II. LA CRISE SANITAIRE ET ÉCONOMIQUE A ACCENTUÉ LA NÉCESSITÉ DE POURSUIVRE TROIS TRANSFORMATIONS : LA TRANSITION ÉNERGÉTIQUE, LA VALORISATION DES BIENS INUTILISÉS ET L'ADAPTATION DU PARC IMMOBILIER AUX NOUVEAUX MODES D'ORGANISATION DU TRAVAIL

Pour le rapporteur spécial, la crise sanitaire et économique a agi comme le révélateur des priorités que la politique immobilière de l'État se doit absolument de porter ces prochaines années : la transition énergétique, la diversification des modalités de valorisation du patrimoine immobilier de l'État et la réflexion sur les modes d'organisation du travail des administrations. Pour accommoder ces défis, le parc immobilier de l'État doit évoluer en profondeur. Il est donc temps de faire de la PIE un véritable instrument de transformation publique, et pas seulement un accessoire . Il faut pour cela que cesse la gestion catastrophique du patrimoine immobilier de l'État.
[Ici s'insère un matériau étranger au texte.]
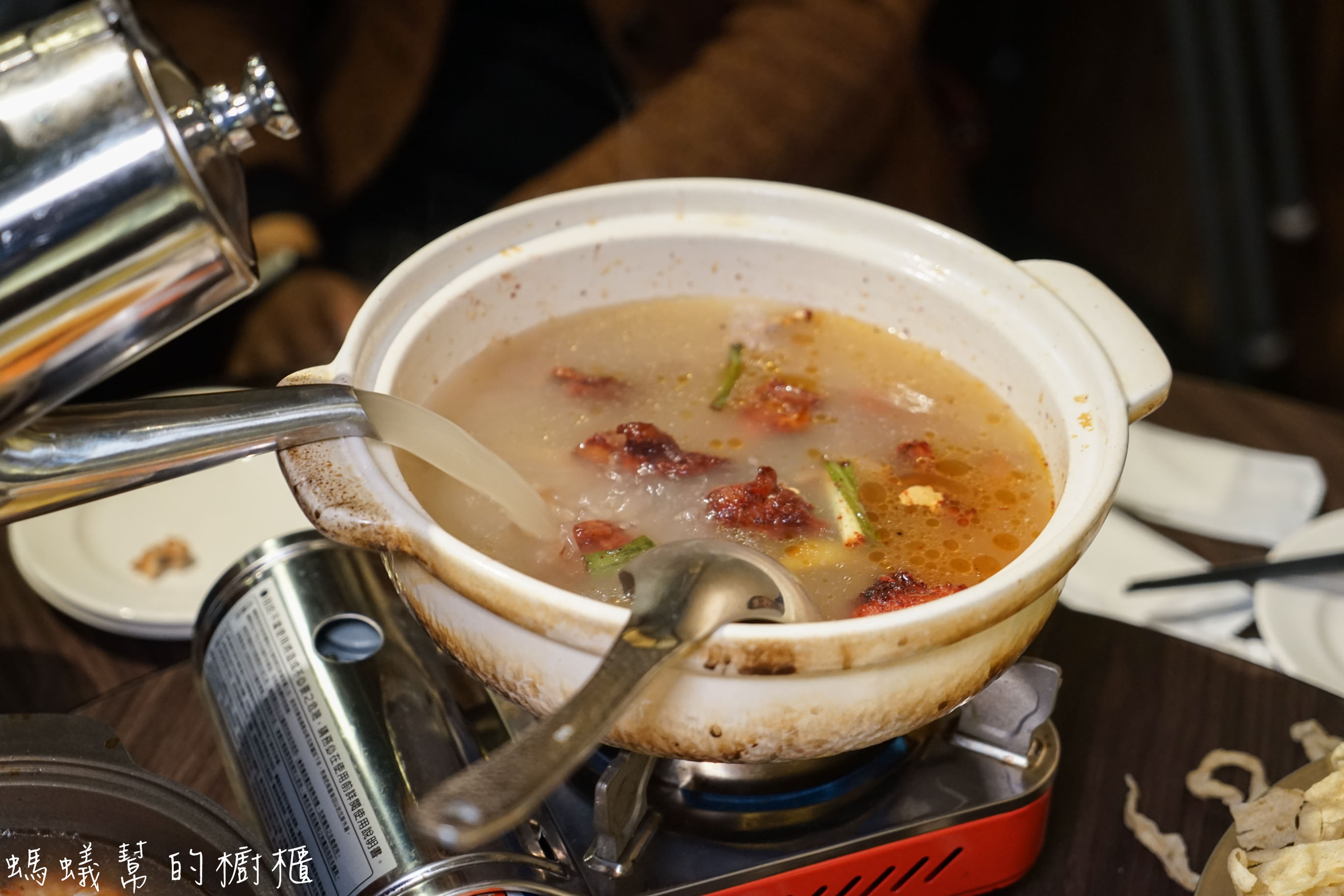 三食六島馬祖特色料理餐廳|台中馬祖美食料理，乾燒酒糟雞、馬祖老酒麵線，令人回味無窮的馬祖特色美食！ - 螞蟻幫的櫥櫃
Si ces axes de transformation préexistent à la crise que la France connait depuis le début de l'année 2020, le rapporteur spécial relève qu'elle a à la fois accéléré les besoins de transformation du parc immobilier de l'État et renforcé le caractère incontournable de ces évolutions pour sa gestion . La création du compte d'affectation spéciale en 2006 devait répondre à un double-objectif : dynamiser la politique immobilière de l'État et optimiser la gestion de son parc immobilier . À ces deux objectifs s'est ajouté un troisième, celui de la contribution du CAS à la transition énergétique, l'une des priorités du Grand plan d'investissement (GPI) (151 millions d'euros labellisés au titre du GPI en loi de finances initiale pour 2020). Il faut enfin que ces objectifs trouvent leur traduction concrète.

Le rapporteur spécial regrette seulement, eu égard au fonctionnement du CAS et à ses défauts relevés précédemment, qu'il ne soit pas mieux fait mention, dans les documents budgétaires et pour tous les programmes participants, de l'écart entre les dépenses prévues au titre de la politique immobilière de l'État et les besoins réellement identifiés par les ministères et opérateurs occupants. Les trois défis retenus ici - la transition énergétique, la valorisation des biens inutilisés et la transformation des modes de travail - nécessitent une vision de plus long-terme, pluriannuelle , qui ne peut d'ailleurs pas seulement reposer sur les crédits ouverts sur le CAS, sauf à le transformer.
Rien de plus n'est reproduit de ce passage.